▶ **Records shown**:
==============================

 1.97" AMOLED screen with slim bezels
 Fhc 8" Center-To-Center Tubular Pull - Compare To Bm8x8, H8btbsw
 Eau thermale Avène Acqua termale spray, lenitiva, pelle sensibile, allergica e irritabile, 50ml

==============================

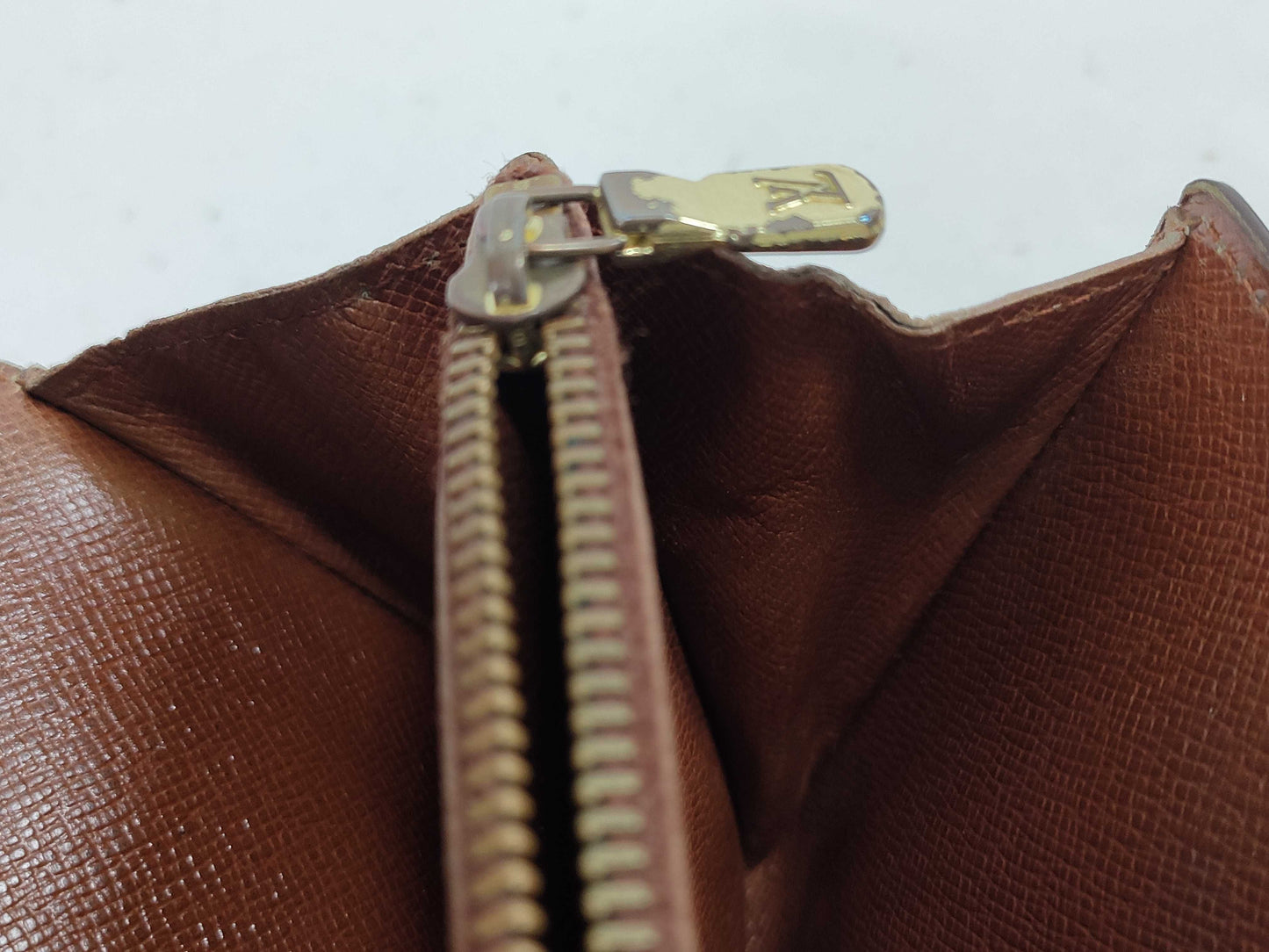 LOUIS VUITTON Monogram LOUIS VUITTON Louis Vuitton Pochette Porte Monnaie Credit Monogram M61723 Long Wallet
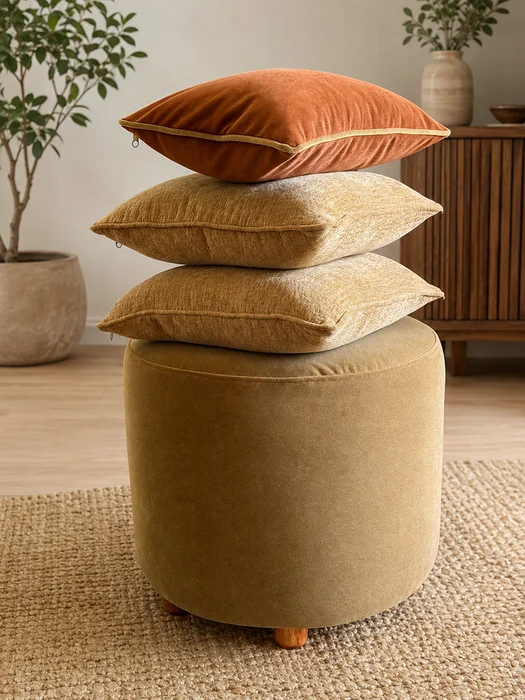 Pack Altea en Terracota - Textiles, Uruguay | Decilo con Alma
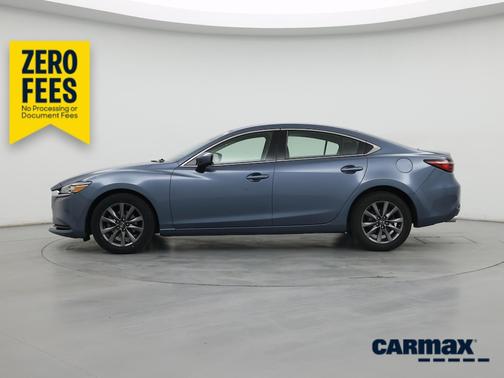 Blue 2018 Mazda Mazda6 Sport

==============================

Taking the entries above, extract every line from the one bearing "LOUIS VUITTON Monogram" through the one bearing "Blue 2018 Mazda Mazda6 Sport", exactly, with no pictures.

 LOUIS VUITTON Monogram LOUIS VUITTON Louis Vuitton Pochette Porte Monnaie Credit Monogram M61723 Long Wallet
 Pack Altea en Terracota - Textiles, Uruguay | Decilo con Alma
 Blue 2018 Mazda Mazda6 Sport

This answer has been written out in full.